"The internet is made of people. People matter. This includes you. Stop trying to sell everything about yourself to everyone. Don’t just hammer away and repeat and talk at people—talk TO people. It’s organic. Make stuff for the internet that matters to you, even if it seems stupid. Do it because it’s good and feels important. Put up more cat pictures. Make more songs. Show your doodles. Give things away and take things that are free. Look at what other people are doing, not to compete, imitate, or compare . . . but because you enjoy looking at the things other people make.

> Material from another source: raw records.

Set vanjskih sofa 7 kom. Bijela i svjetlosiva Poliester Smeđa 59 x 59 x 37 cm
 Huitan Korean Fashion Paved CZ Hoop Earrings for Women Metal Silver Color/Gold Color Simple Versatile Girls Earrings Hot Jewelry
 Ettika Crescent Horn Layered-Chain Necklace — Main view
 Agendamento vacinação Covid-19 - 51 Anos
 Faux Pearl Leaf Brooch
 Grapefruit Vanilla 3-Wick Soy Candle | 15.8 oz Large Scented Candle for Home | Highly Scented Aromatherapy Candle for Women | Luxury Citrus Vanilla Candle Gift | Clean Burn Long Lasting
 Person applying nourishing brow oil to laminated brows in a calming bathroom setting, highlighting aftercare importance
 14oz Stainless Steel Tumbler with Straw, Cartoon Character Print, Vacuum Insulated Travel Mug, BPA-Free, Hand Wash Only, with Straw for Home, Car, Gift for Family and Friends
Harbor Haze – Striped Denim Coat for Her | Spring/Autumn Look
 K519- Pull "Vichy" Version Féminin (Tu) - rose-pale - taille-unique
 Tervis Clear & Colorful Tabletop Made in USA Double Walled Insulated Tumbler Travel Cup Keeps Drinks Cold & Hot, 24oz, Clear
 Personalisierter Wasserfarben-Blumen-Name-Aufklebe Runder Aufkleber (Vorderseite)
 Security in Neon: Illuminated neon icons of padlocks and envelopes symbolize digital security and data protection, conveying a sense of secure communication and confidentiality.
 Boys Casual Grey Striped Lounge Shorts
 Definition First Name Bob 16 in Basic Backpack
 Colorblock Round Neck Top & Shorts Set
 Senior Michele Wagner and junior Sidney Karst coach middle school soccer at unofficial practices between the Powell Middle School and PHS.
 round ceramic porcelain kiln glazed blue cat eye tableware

Don’t shove yourself into that tiny, airless box called a brand—tiny, airless boxes are for trinkets and dead people." ~Maureen Johnson
I like this for these two main reasons:
1) It's easy to forget the people on the other end of Twitter or Facebook or email or chats are PEOPLE. And so we don't always extend the same polite courtesies we would in face-to-face interactions, where we would never just walk up and say "Buy my book!" without at least first asking the person's name, shaking their hand, introducing yourself, and saying "hello." The internet should facilitate the same two-way exchange a conversation would, and not just be a one-way billboard on which we sell ourselves. So, I'm all in favor of anything that creates civility.
2) About her last point: though my writing shares a common theme -- the [I believe] universal search for a place to belong -- I've otherwise been struggling with the idea of branding myself. I write paranormal romance, but I'm not just a paranormal writer. I write contemporary romance, but not just contemporary romance. I really enjoy delving into erotic romance, but will never focus on that alone. I'm at work on a women's fiction, but don't seem myself building a career or a brand around just women's fiction. You see my problem.
Maureen is worth quoting at length again, here: "A personal brand is a little package you make of yourself so you can put yourself on the shelf in the marketplace and people will know what to expect or look for when they come to buy you....I don’t want a brand, because a brand limits me. A brand says I will churn out the same thing over and over. Which I won’t, because I am weird."
I get that, as authors, we don't have full control over our own branding--that is, readers and agents and folks we interact with will put us into little branded boxes whether we want them to or not. But that doesn't mean we have to define ourselves by how others define us.
So, let's hear it for us schizophrenic authors! I understand the potential challenges writing different things poses, but if writing what you love is the surest road to success, I'm hoping I can find a way to make it work if I wear quite a few hats along the way.
And, even more, I'm looking forward to making some lifelong friends and colleagues to join me on my journey. After all, what's success without people to share it?